- Genre: Reality television
- Created by: Issa Rae
- Starring: Amanda Scott; Briana Jones; Cheryl Des Vignes; Jerrold Smith II; Myami Woods; Candiss Hart; P'Jae Compton; Tylynn Burns; Rebecca Magett; Rob Lee; Jaylenn Hart;
- Country of origin: United States
- Original language: English
- No. of seasons: 2
- No. of episodes: 20

Production
- Executive producers: Issa Rae; Montrel McKay; Jimmy Fox; Sheri Maroufkhani; Leola Westbrook; Sun de Graaf;
- Producers: Rajah Ahmed; Pyongson Yim; Pyongson "Sunny" Yim;
- Production location: Los Angeles, California
- Production companies: Hoorae Productions; Main Event Media; Morning Dew Pictures;

Original release
- Network: HBO Max
- Release: August 19, 2021 – August 18, 2022

= Sweet Life: Los Angeles =

California-based reality television series in the United States

Sweet Life: Los Angeles is an American reality television series created by Issa Rae. It premiered on August 19, 2021, on HBO Max. In October 2021, it was renewed for a second season which premiered on August 4, 2022. In December 2022, the series was canceled after two seasons.

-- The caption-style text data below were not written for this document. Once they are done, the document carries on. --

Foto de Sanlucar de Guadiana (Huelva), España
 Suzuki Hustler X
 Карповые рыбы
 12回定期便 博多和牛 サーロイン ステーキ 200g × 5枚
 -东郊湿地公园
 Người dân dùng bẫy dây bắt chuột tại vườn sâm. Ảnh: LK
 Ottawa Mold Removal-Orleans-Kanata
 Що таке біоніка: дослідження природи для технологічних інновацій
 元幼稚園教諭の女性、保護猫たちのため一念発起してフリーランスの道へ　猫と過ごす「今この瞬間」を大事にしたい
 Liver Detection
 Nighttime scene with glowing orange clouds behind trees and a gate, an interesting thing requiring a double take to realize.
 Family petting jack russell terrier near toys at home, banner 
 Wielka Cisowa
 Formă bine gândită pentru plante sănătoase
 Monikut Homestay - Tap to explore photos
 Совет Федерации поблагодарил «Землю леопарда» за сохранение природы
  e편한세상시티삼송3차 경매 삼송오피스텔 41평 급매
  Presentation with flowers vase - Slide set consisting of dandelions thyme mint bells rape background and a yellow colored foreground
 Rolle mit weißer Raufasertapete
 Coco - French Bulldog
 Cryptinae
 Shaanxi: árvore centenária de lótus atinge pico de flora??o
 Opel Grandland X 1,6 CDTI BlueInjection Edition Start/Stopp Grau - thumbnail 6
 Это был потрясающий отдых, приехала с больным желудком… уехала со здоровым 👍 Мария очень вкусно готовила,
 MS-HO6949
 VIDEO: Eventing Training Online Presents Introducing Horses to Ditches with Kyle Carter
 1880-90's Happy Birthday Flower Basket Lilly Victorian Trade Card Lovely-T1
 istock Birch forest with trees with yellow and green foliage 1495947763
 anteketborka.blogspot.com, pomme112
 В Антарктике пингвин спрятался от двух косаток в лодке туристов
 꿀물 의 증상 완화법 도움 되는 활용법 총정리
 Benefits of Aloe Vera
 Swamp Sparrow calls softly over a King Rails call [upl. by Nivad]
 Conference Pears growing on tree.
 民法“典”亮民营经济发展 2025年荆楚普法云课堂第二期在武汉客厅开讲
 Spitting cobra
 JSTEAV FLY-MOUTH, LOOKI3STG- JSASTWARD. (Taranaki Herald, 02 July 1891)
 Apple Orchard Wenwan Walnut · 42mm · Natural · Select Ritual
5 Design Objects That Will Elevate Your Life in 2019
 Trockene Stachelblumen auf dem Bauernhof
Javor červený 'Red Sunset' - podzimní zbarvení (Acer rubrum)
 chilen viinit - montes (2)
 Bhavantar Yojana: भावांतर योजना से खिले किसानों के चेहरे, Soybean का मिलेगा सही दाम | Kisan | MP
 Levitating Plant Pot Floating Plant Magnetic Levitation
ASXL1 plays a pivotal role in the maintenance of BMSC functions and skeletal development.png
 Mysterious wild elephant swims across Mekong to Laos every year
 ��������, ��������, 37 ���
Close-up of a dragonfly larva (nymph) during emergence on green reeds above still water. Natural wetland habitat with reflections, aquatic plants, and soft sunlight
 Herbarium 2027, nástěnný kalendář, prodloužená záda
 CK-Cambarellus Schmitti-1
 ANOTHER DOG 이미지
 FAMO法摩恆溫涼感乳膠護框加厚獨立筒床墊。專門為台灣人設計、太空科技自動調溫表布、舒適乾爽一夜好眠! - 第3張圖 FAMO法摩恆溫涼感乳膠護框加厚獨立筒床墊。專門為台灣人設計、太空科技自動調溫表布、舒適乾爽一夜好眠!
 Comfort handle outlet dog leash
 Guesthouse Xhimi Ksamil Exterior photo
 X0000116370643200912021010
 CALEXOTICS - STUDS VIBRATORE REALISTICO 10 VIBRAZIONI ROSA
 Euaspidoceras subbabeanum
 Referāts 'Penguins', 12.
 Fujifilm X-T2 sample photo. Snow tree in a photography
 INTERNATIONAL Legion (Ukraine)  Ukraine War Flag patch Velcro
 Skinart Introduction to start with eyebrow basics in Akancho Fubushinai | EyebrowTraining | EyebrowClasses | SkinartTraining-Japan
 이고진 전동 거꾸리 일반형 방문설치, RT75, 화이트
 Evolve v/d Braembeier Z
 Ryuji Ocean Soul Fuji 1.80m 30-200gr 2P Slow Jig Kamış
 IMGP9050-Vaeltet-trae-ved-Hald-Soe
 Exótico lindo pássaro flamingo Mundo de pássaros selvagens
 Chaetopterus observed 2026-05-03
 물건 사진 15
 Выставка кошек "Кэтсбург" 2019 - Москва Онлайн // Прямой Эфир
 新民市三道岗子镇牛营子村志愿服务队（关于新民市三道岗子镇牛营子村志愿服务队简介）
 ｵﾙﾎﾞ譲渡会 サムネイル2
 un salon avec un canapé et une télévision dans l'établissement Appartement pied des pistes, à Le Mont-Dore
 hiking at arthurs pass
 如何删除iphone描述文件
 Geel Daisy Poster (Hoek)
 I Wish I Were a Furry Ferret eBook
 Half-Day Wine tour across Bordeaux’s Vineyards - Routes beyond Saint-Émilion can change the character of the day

The series is scheduled to air on OWN beginning on June 13, 2025, with new footage incorporated.

== Background ==
Sweet Life was inspired by both the Frank Ocean song after which it is named, and the BET reality television show Baldwin Hills. The show follows a close group of African American friends in their 20s as they live in South Los Angeles and pursue their personal and professional goals. Their shared experiences and mutual support connect the group.

==Cast==
Profession and age of cast members when the first season premiered:
- Amanda Scott - PR professional, 25
- Briana Jones - Health care professional, 26
- Cheryl Des Vignes - Fashion designer, 26
- Jerrold Smith II - Marketing specialist, 25
- Jordan Bentley (Season 1) - Streetwear designer, 24
- Myami Woods - (Season 2; guest Season 1) - Paralegal, Business Owner
- Candiss Hart - (Season 2; guest Season 1) - Financial Consultant with boyfriend Keilan Horton
- Keilan Horton - (Season 2; guest Season 1) - Financial Leader, antagonist 28
- P'Jae Compton - Artist manager, 29
- Tylynn Burns - Event planner, 26
- Rebecca Magett (Season 2; recurring season 1) - Bri's bestie and P'Jae's on-again-off-again love interest.
- Rob Lee (Season 2; recurring season 1) - Amanda's boyfriend, who quit his full-time job to pursue comedy.
- Jaylenn Hart (Season 2; recurring season 1) - Tylynn's boyfriend who wants kids but not marriage., 27

==Episodes==

| Season | Episodes |  | Originally released |  |
| First released | Last released |
| 1 | 10 |  | August 19, 2021 | September 9, 2021 |
| 2 | 10 |  | August 4, 2022 | August 18, 2022 |

===Season 1 (2021)===

| No. overall | No. in series | Title | Original release date |
|---|---|---|---|
| 1 | 1 | "Sweet Life" | August 19, 2021 |
| 2 | 2 | "Good Vibes Only" | August 19, 2021 |
| 3 | 3 | "You Got Me F**ked Up" | August 19, 2021 |
| 4 | 4 | "A Seat at the Table" | August 26, 2021 |
| 5 | 5 | "Moving In, Moving Out, Moving On" | August 26, 2021 |
| 6 | 6 | "Once Upon a Time in Sexico" | August 26, 2021 |
| 7 | 7 | "No Cabo Cuddles" | September 2, 2021 |
| 8 | 8 | "Low-Key Privileged" | September 2, 2021 |
| 9 | 9 | "Are We Even Friends?" | September 2, 2021 |
| 10 | 10 | "The Group Chat" | September 9, 2021 |

===Season 2 (2022)===

| No. overall | No. in series | Title | Original release date |
|---|---|---|---|
| 11 | 1 | "Ain't Sh*t Sweet" | August 4, 2022 |
| 12 | 2 | "The Good, the Bad, and the Medium Ugly" | August 4, 2022 |
| 13 | 3 | "Tylynn & the Termites" | August 4, 2022 |
| 14 | 4 | "Accents & Good Times" | August 4, 2022 |
| 15 | 5 | "Y'all Weird AF" | August 11, 2022 |
| 16 | 6 | "B*tch, What's the Tea?" | August 11, 2022 |
| 17 | 7 | "Spring BAEcation" | August 11, 2022 |
| 18 | 8 | "Two B's, No F*cks" | August 18, 2022 |
| 19 | 9 | "Have You Really Have, Though?" | August 18, 2022 |
| 20 | 10 | "Wait, that's it?!" | August 18, 2022 |

==Awards==
In 2022, the first season was nominated for an NAACP Image Award for Outstanding Reality Program, Reality Competition or Game Show, and a Guild of Music Supervisors Awards for Best Music Supervision in Reality Television.